Begin again in the off-world colonies
You are working hard to make amends. So just stop. It does not work. You are invested in atonement yet the fact is that you are implicated in life. Now. Here. Right in front of your nose. So invest in that. It’s what everyone who cares about you wants for you. So you don’t know it? That’s OK. Just do it, anyway. Have faith that atonement and making amends and forgiveness (which is actually internal and self-directed, despite our misguided language surrounding the issue) are only to be found in moving on.
Come to know, if only fleetingly, the real nature of forgiveness and love. They are not one-off actions. They are not feelings. They are a permanent state of mind and a form of old instinctive compassionate behaviour. Older than tombstones. Lighter than feathers. Come to know them through now. Know now.
Different war. Different century. This one.
It’s tempting to round off where I started and say something coy like You’ll be a long time pushing daisies but if you are someone like me, or even if you are me (which I am), you simply can’t hold with something so unscientific and therefore, it clashes with my intuitive wisdom. Science long since proved time and again that something cannot simply disappear into nothing.
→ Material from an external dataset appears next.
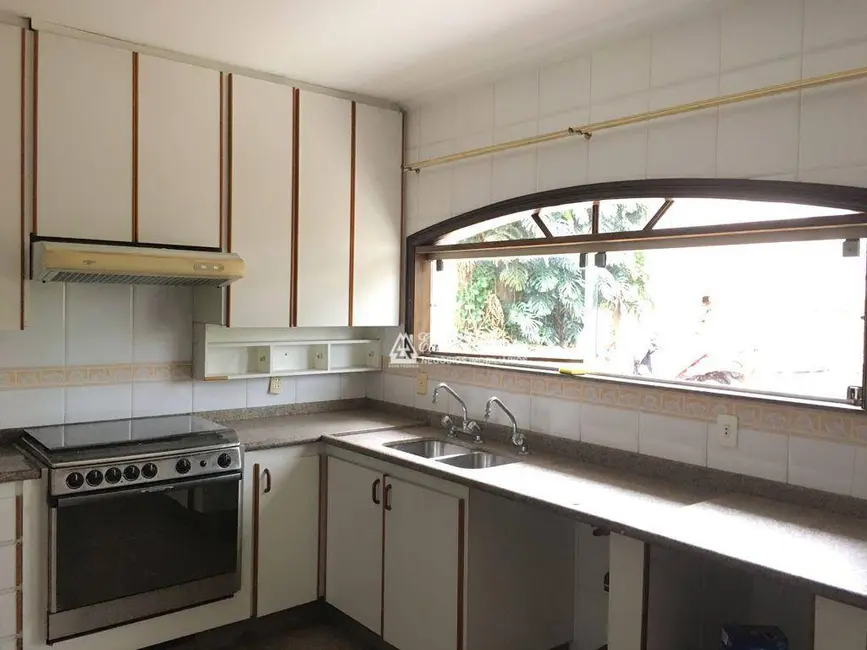 Foto 3 de Sobrado com 6 quartos à venda, 250m2 em Jardim Santa Mena, Guarulhos - SP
That Debbie McGee and Paul Daniels’ performances really were just TV-show fiction.
Newton’s laws of thermodynamics power our atomic world, and state that energy can never be destroyed. That it simply moves around, changing form.
Matter moves from place to place, slowly coming together to be you. So whatever you are, you are not the stuff of which you are made.
When you die out of your body, you will be elsewhere. Otherwise, Newton is wrong and the world we have built could not exist. But it does. And we are in it.
That said, being in this body here and now is undeniably a prize worth holding. If only for its guaranteed temporary nature. It’s a short stint. Failure to optimise is like walking out of a speed-date session because it’s taking too long. And firework displays do go on for an unseemly amount of time these days and Christmas Day really does appear to last about half a year, and superstore staffers really do implore queueing customers to grab the short line so as to save them about eighteen seconds of their precious lives – but that’s all just commercial babble. Radio gaga. Background noise. You don’t have to get all Gone in Sixty Seconds about it. The idiots only win if you let them.
Be present. Just do it. Or try to. Or don’t, but quit whining. Or don’t. Your call, Gary!
I have been talking to myself, by the way. This was a mental soliloquy. But you know writers, right?